[Given information — start]

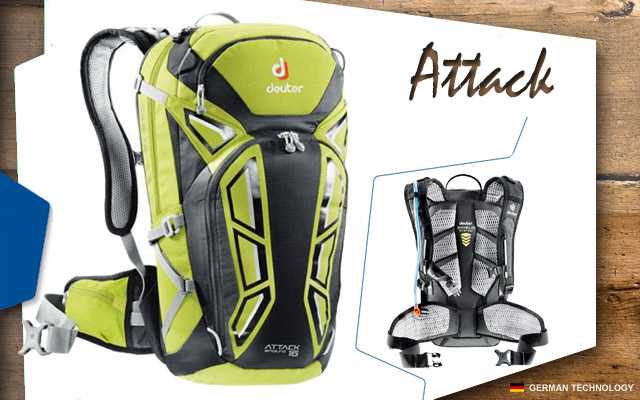  Deuter Attack Enduro 16 | 2707 apple-black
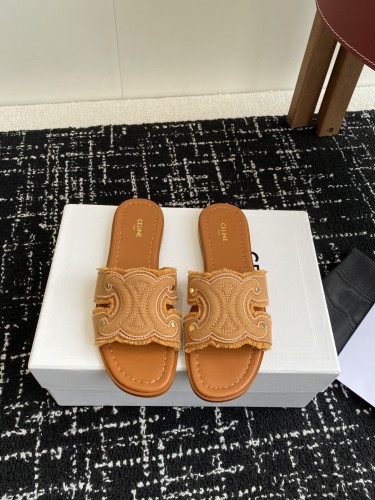 Women flat slipper shoes, with box, size 35-41, SS50-215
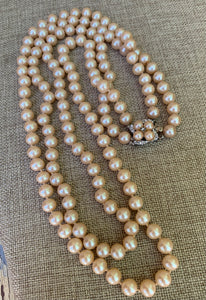 Stunning 2 strand cream pearls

[Given information — finish]

### [Problem requirements]
Return every line of the data above exactly, and omit all pictures.

### [Reply]
  Deuter Attack Enduro 16 | 2707 apple-black
 Women flat slipper shoes, with box, size 35-41, SS50-215
 Stunning 2 strand cream pearls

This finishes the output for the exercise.